Voilà comment un de ces grands catholiques pratiquants, né de riches parents, se prépare à faire monter les prix des terres et des produits agricoles, dans le seul but de s'enrichir encore plus... même si la population a faim - surtout si la population a faim - et même si la planète en crève !

En 2005, candidat à la présidence du MEDEF, il proposait une réforme du code du travail pour déréglementer les embauches, faciliter les licenciements, réduire les impôts des entreprises et des riches et rendre les salaires encore plus flexibles.

En 2002, il profitait de l'ouverture du marché de l'électricité pour y placer des capitaux, créant Poweo, un concurrent d'EDF, qu'il revend en 2009 quand la valeur des actions recule, empochant au passage près de 40 millions d'euros de plus value.

C'est de ces capitalistes cyniques que souffre le monde et qu'il faudra exproprier pour produire l'électricité, le blé et tout le reste, non pas en fonctions des profits pour quelques nantis, mais en fonction des besoins des populations.
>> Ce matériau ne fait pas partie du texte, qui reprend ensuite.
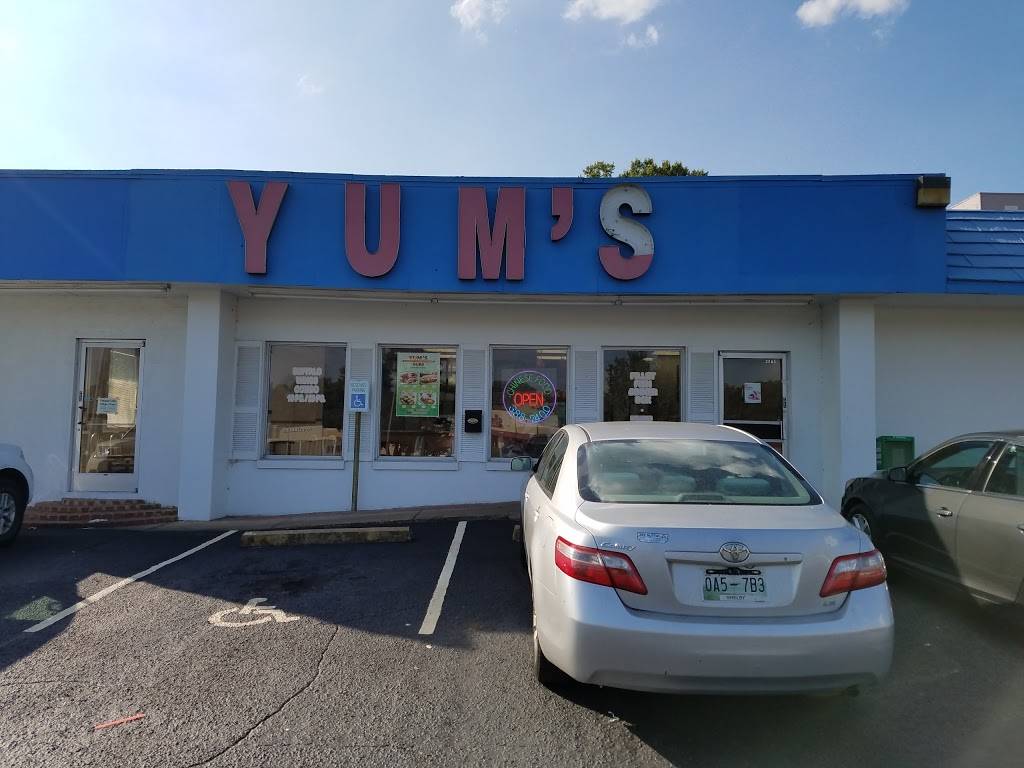 Yums Restaurant | restaurant | 3283 Austin Peay Hwy, Memphis, TN 38128, USA | 9013887400 OR +1 901-388-7400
Vistéon (Gondecourt, Carvin, Harnes)

On se met tous en colère… et tout s'arrête !

Brève
30/03/2010

Les travailleurs de Vistéon - à Gondecourt, Carvin et Harnes (le centre technique où une grande partie des ingénieurs était en grève) - se sont mis en grève le lundi 22 mars au soir, paralysant toute la production, en réponse aux ridicules propositions d'augmentation de salaires de la direction : 1,8% pour les ouvriers, rien pour les cadres (de Harnes par exemple).

Jeudi 25, la production s'arrêtait peu à peu, faute de pièces, dans les entreprises "clientes" : Renault-Flins dans les Yvelines, Renault-Douai, Sevelnord (Peugeot) près de Valenciennes et Volvo à Gand. Le soir même, un accord était trouvé !

La direction parlait d'une augmentation globale de 4,9 %, proches des 5% revendiqués. En fait, il s'agit de 2,9 % pour les non-cadres et de 2,2 % pour les cadres, auxquels s'ajoutent des promesses de primes, au minimum environ 50 euros par mois.

Les grévistes sont contents de s'être battus tous ensemble pour la première fois et c'est cette solidarité qui est importante pour rappeler les revendications à une direction qui n'en a jamais assez.